Yahooブログから移行してきた読書ノートです

ぼくのともだち(エマニュエル・ボーヴ)

イメージ 1

1924年の作品ですから、第一次大戦後のパリ。戦争で負傷して傷痍軍人年金で暮らしている主人公のヴィクトール・バトンには友人がいません。「孤独がぼくを押し潰す」と感じて「ともだちのためには、自分のすべてを投げ出してもいい」とまで思い、日々街を彷徨って「ともだち候補」を探しているのです。そんなバトンの「ともだち作り」の顛末は・・。
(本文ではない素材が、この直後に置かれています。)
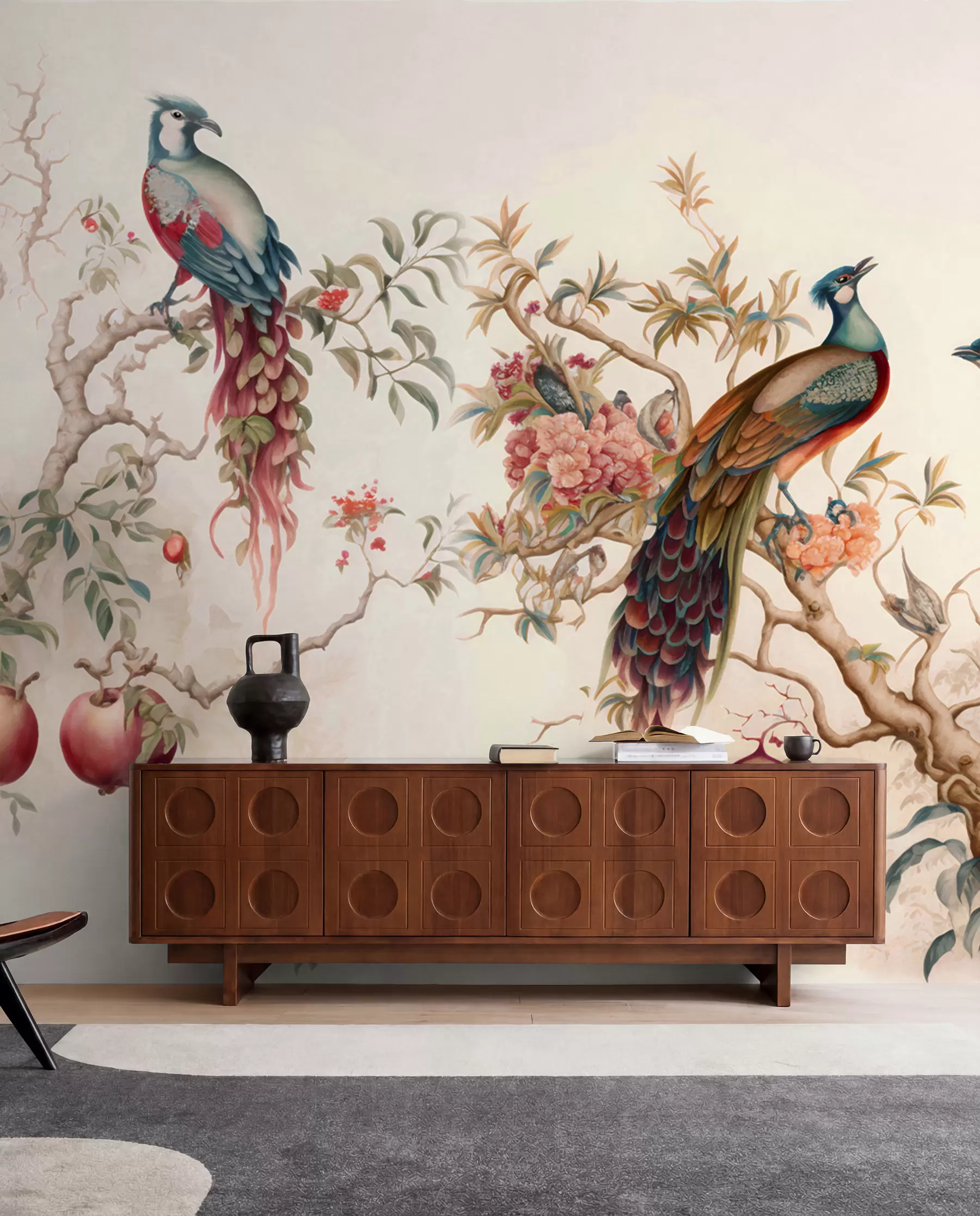 Fotobehang Vogels op de takken van een granaatappel u95667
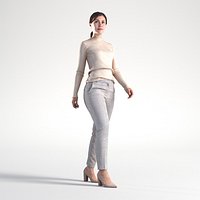 3D People Woman Kelly 1944 Business Casual Walking Low poly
一晩だけの関係を持った女性。借金を申し込んだ男性。自殺の道連れを望んだ水兵。彼を哀れんでくれた金持ちの実業家。バトンは次々と失敗し続けます。そのはずです。問題はバトン自身にあるのですから。彼が「ともだち」に求めるのは、自分を惨めな思いにさせず、嫉妬心を抱かせない相手。つまり、自分よりも幸せではなく、自分を一番大切に扱ってくれる相手ということなんですね。それじゃあ、誰も友人にはしたくないだろうな。彼の不器用な自意識過剰ぶりが滑稽で悲しい作品です。

20世紀前半には人気作家だったという著者は、戦後のサルトルカミュボーボワール、マルローらのアンガージュマン文学の陰に隠れて、忘れられた存在だったそうです。「政治の季節」が終わった1970年代後半に再評価されたというのは、いかにもフランス的なユーモアとペーソスのみならず、イデオロギー性がなかったせいかもしれません。